What you should do: Every line from the one that contains "DYMO Rhino Industrie-Vinyl-Etiketten" to the end of the material below should be output exactly, with both ends included and nothing else.

Records for processing:
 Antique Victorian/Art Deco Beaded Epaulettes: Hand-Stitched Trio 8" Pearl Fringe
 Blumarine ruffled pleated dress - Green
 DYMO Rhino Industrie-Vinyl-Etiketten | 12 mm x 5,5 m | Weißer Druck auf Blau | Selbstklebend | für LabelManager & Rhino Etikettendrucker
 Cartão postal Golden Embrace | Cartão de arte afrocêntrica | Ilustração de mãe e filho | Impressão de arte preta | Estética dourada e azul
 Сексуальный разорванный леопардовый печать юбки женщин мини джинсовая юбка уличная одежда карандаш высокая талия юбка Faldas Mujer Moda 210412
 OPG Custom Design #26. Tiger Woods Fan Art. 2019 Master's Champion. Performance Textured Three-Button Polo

Reply:
 DYMO Rhino Industrie-Vinyl-Etiketten | 12 mm x 5,5 m | Weißer Druck auf Blau | Selbstklebend | für LabelManager & Rhino Etikettendrucker
 Cartão postal Golden Embrace | Cartão de arte afrocêntrica | Ilustração de mãe e filho | Impressão de arte preta | Estética dourada e azul
 Сексуальный разорванный леопардовый печать юбки женщин мини джинсовая юбка уличная одежда карандаш высокая талия юбка Faldas Mujer Moda 210412
 OPG Custom Design #26. Tiger Woods Fan Art. 2019 Master's Champion. Performance Textured Three-Button Polo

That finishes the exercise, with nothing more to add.